マウスが成体に達した時点(3月齢)までに、雄性の生殖管の全体の重量および個々の器官のサイズにおいて、有意な差異(p<0.05)が観察された(表1)。正常マウスにおける生殖管の重量は、1月齢から成体まで248.6%増加し、そして、全体重の3.37%に相当した。この時間の間、雄性RLXヌル変異体マウス由来の生殖管の重量は、187.9%増加しただけであり、そして全体重の2.33%に相当した。この後者の知見は、雄性rlx−/−マウスの生殖管が、%体重における、31%の減少に相当することを意味する。rlx−/−マウス由来の精巣、精巣上体、前立腺および精嚢のサイズは、RLX+/+マウスに由来するそれぞれの対応物よりも全て小さかった(p<0.05)。
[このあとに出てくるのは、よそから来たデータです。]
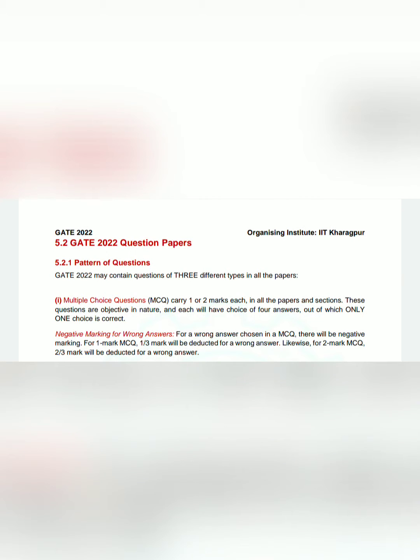Hello and welcome to our YouTube channel Metallurgical Facts. So guys, this video is basically related to GATE 2022 updates, and in this video we will try to show you the pattern of questions.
(表1.1週齢〜成体(6.5ヶ月)までの、雄性生殖管の重量およびサイズ)
Figure 2012184273
精巣および前立腺の各々のサイズを、組織の長さを幅で乗じて、その面積によって測定した。精巣上体および精嚢のサイズ(面積)は、正確には測定できなかったので、各組織の緊密な近似を、以下のように計算した:精巣上体(組織の長さに、精巣上体頭部の幅を乗じて測定した);精嚢(各器官の長さに、組織の平均幅を乗じて測定した)。は、p<0.05を示す。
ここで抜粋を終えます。